We never won anything. It wasn’t just that your guys could beat our guys; your girls could beat our guys. The piccolo section of your band could beat our guys.
Along with a new nickname, Binghamton wants a mascot, too. When I was at Harpur, we never actually had a mascot the students could relate to–I’d have suggested a cuddly stuffed animal who sat immobilized for five hours playing the first side of the “Moby Grape” album and babbling about how if you cut open a Cheez Doodle, the colors were really far out.
It’s okay with me if they want to change “Colonials” to something else, but I must express my outrage at how the new nickname was arrived at.
A marketing company was hired to prepare a list of 30 names. I quote from the alumni newsletter: “The following qualities were considered in selecting the name: gender-neutral, non-offensive, powerful, aggressive, dignified and marketable.”
(So I guess “Big Hairy Chicks on Crack” had no chance.)
What kind of nickname can you get from that commercialized, politically correct crap?
I asked my friends at work to brainstorm a name using those guidelines.
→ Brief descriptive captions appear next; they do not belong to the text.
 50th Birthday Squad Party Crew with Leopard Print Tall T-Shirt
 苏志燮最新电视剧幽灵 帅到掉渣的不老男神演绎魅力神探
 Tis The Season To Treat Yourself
Here’s what they came up with:
The Binghamton Empowered Persons.
The Binghamton Bada-Bing!
The Bolivian Swarming River Rats.
The Golden Geldings.
The Binghamton Crosbys.
The Fighting Beiges.
The (Name of Your Corporation Here).
The Binghamton Bacilli.
The Fighting Hasidim.
And my personal favorite: The Swiss.
But for some reason, Binghamton picked Bearcats.
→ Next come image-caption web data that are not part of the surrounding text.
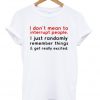 i don't mean to interrupt people t-shirt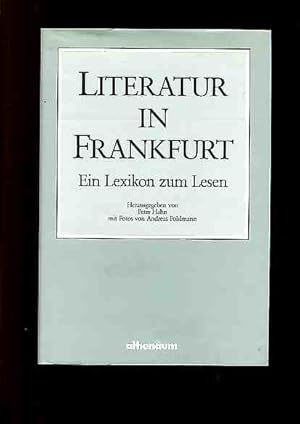 Seller image for Literatur in Frankfurt - Ein Lexikon zum Lesen. for sale by Antiquariat Buchkauz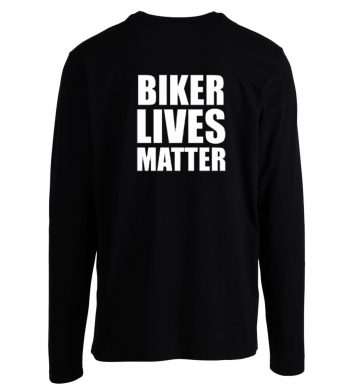 Biker Lives Matter Longsleeve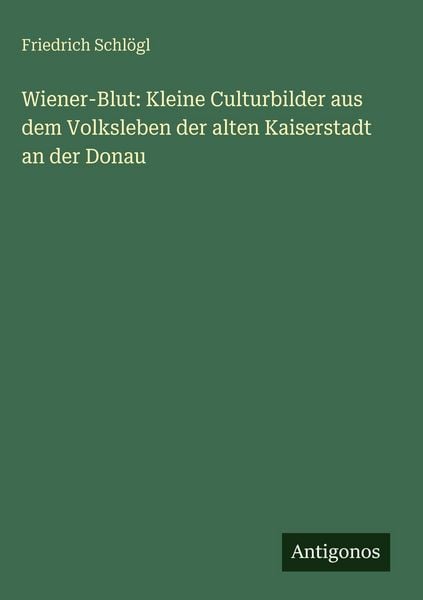 Produktbild: Wiener-Blut: Kleine Culturbilder aus dem Volksleben der alten Kaiserstadt an der Donau
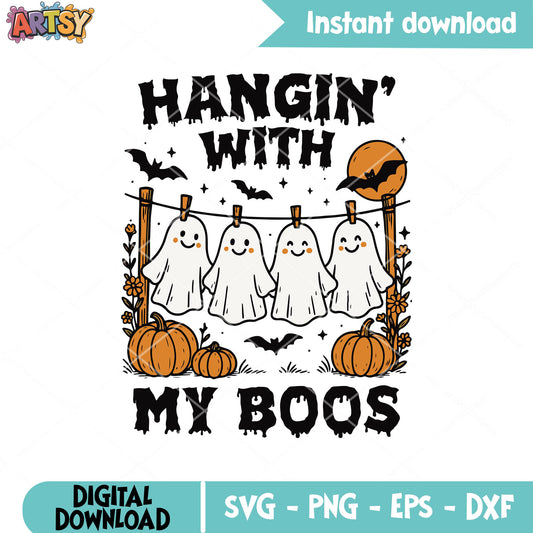 Ghost hangin with my boos svg, cute ghost svg, halloween boo svg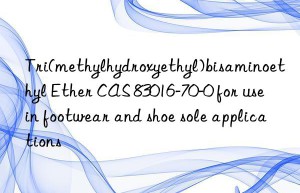 Tri(methylhydroxyethyl)bisaminoethyl Ether CAS 83016-70-0 for use in footwear and shoe sole applications
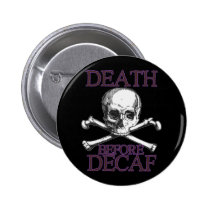 Death Before Decaf buttons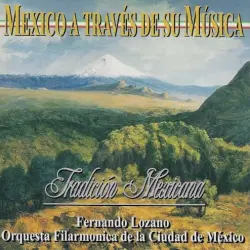 México a través de su música, vol. II: Tradición mexicana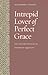 Intrepid Lover of Perfect Grace: The Life and Thought of Prosper of Aquitaine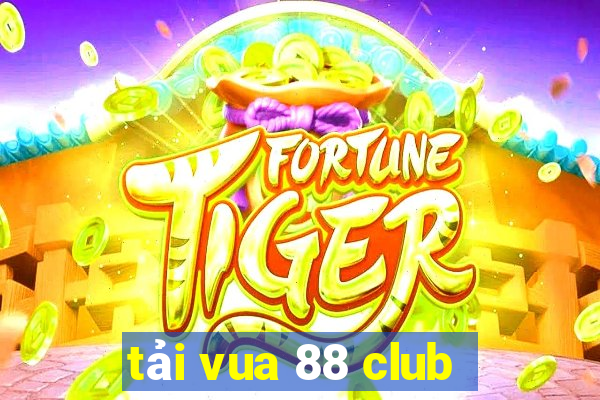 tải vua 88 club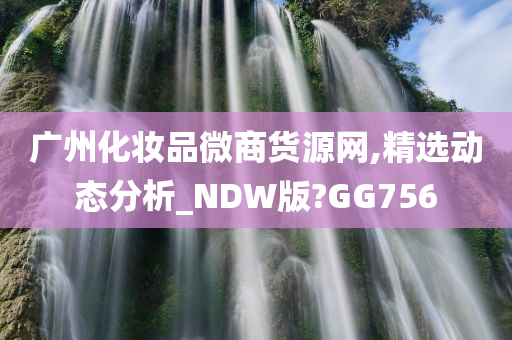 广州化妆品微商货源网,精选动态分析_NDW版?GG756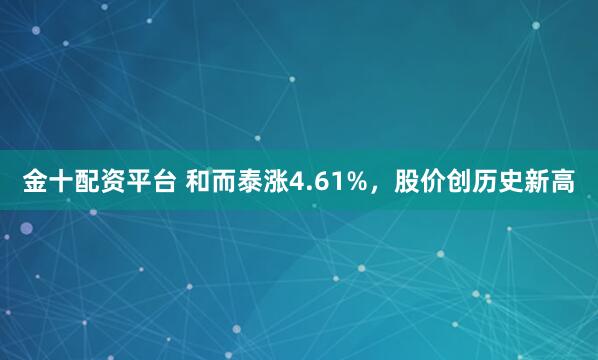 金十配資平臺 和而泰漲4.61%，股價創歷史新高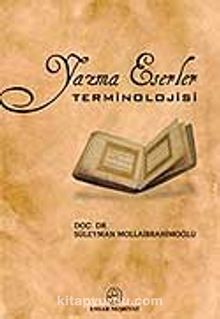 Yazma Eserler Terminolojisi - Süleyman Mollaibrahimoğlu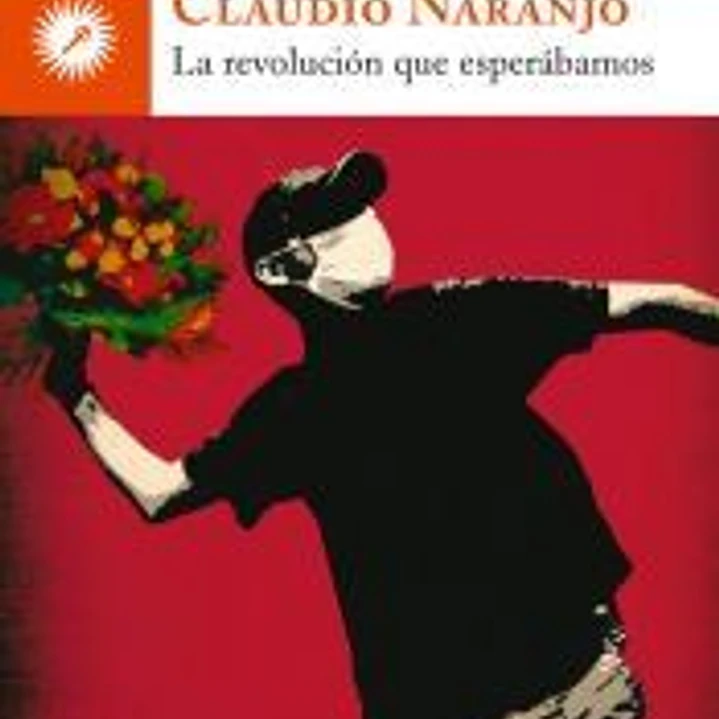 La revolución que esperábamos 1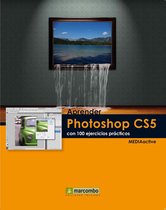 Aprender...con 100 ejercicios prácticos - Aprender Photoshop CS5 con 100 ejercicios prácticos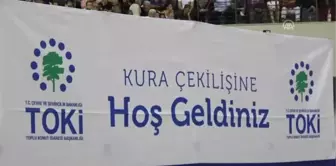 TOKİ konutları için kura heyecanı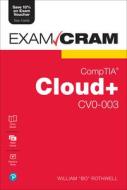 CompTIA Cloud+ CV0-003 Exam Cram di William Rothwell edito da Pearson Education (US)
There’s no such thing as a bearcat. It’s a mythical animal. A fraud.
My friend Tammy, who has two cats, points out quite correctly: “Of course, it is mythical. I am absolutely, positively certain my cats would never, ever, like, do it with a bear.”
(Tammy also asks, “Why aren’t there beardogs?” But that is a question for another day–and possibly another galaxy.)
The alumni journal praises the choice of Bearcat: “A cross between the power and ferocity of a bear, and the cunning and quickness of a cat.”
Well, if what you want is power and ferocity, and cunning and quickness, why not choose a nickname like “Psychotics With Chain Saws”? You think that’s not marketable? That’s got big-time “WWF Smackdown!” potential!
The University of Cincinnati has been the Bearcats for 100 years. And Cincinnati is a good athletic school. Its basketball team is No. 1 in the country now. Everyone will assume that Binghamton stole the nickname from Cincinnati. And, let’s face it, stealing from Cincinnati is about as desperate as it gets. I mean, what a dump. If Binghamton is the way your foot smells, Cincinnati is the way your foot tastes.
If you’re going to steal somebody’s nickname, steal something with power and majesty. Call yourselves: the New York Yankees.
(The Smelt is looking better, isn’t it?)
Not only isn’t “Bearcats” original, but the logo they picked is almost exactly the same as that of the NHL’s Florida Panthers. So we’ve got a phony-baloney animal and a rip-off logo. It’s all schmutz. As an alumnus in good standing (well, okay, an alumnus still standing), I am herewith ripping up the $50,000 check I had just written to the Binghamton Alumni Association.
And they can forget about a major donation until they come up with a nickname that stands for something. Something that says it all. How about the Binghamton Balding Kornhuskers!